What is needed — Output the line with "Lampada da terra" and every following line to the end of the material, exactly as they appear.

Given data —

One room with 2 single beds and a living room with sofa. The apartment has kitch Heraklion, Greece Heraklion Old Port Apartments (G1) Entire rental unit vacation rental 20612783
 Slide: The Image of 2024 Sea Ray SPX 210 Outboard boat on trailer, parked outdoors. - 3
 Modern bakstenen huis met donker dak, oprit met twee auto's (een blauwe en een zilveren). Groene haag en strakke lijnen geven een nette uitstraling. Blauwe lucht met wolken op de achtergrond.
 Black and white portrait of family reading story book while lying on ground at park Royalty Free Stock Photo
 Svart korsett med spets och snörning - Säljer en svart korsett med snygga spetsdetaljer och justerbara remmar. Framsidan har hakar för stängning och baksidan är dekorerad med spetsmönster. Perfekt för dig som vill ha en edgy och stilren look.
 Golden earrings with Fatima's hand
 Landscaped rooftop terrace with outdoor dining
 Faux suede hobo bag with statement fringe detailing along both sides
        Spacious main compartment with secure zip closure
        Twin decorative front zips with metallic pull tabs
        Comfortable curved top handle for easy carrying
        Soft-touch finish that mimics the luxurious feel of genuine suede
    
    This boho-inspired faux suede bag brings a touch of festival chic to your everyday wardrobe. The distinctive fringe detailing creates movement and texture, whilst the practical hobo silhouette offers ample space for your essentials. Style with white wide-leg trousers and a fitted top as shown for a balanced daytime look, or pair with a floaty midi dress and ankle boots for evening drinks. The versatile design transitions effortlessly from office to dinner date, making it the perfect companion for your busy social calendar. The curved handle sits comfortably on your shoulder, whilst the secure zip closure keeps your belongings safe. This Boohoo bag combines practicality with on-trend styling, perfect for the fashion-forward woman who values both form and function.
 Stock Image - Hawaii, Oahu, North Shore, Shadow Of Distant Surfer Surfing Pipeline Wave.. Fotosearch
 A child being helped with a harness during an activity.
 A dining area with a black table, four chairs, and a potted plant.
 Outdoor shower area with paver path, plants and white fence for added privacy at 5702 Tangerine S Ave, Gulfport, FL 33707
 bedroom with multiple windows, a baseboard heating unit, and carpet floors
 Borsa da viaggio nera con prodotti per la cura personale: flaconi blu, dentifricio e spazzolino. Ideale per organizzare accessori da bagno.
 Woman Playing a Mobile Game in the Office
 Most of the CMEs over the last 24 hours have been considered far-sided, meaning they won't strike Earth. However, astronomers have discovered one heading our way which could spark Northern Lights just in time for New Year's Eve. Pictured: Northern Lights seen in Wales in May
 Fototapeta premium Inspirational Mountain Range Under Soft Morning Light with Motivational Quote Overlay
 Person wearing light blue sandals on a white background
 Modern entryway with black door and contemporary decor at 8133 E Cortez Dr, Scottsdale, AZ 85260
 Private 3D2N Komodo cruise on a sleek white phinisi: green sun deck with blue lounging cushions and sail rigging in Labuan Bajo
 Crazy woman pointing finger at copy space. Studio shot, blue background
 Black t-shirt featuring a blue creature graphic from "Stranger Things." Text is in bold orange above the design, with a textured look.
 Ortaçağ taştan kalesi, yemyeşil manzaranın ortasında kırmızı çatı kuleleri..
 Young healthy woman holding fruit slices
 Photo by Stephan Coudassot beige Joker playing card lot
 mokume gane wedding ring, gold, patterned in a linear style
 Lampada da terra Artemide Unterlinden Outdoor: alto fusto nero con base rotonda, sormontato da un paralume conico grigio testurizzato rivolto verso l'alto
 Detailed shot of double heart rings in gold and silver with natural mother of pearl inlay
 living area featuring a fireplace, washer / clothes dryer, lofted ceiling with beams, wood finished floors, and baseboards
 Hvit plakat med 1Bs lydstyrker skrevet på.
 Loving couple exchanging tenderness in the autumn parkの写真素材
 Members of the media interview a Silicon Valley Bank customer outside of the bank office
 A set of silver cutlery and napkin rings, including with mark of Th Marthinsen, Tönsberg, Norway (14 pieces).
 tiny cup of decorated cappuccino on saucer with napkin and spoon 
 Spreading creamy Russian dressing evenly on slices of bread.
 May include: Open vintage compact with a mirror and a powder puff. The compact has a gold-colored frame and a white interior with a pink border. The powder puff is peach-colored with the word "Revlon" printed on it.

Response area —
 Lampada da terra Artemide Unterlinden Outdoor: alto fusto nero con base rotonda, sormontato da un paralume conico grigio testurizzato rivolto verso l'alto
 Detailed shot of double heart rings in gold and silver with natural mother of pearl inlay
 living area featuring a fireplace, washer / clothes dryer, lofted ceiling with beams, wood finished floors, and baseboards
 Hvit plakat med 1Bs lydstyrker skrevet på.
 Loving couple exchanging tenderness in the autumn parkの写真素材
 Members of the media interview a Silicon Valley Bank customer outside of the bank office
 A set of silver cutlery and napkin rings, including with mark of Th Marthinsen, Tönsberg, Norway (14 pieces).
 tiny cup of decorated cappuccino on saucer with napkin and spoon 
 Spreading creamy Russian dressing evenly on slices of bread.
 May include: Open vintage compact with a mirror and a powder puff. The compact has a gold-colored frame and a white interior with a pink border. The powder puff is peach-colored with the word "Revlon" printed on it.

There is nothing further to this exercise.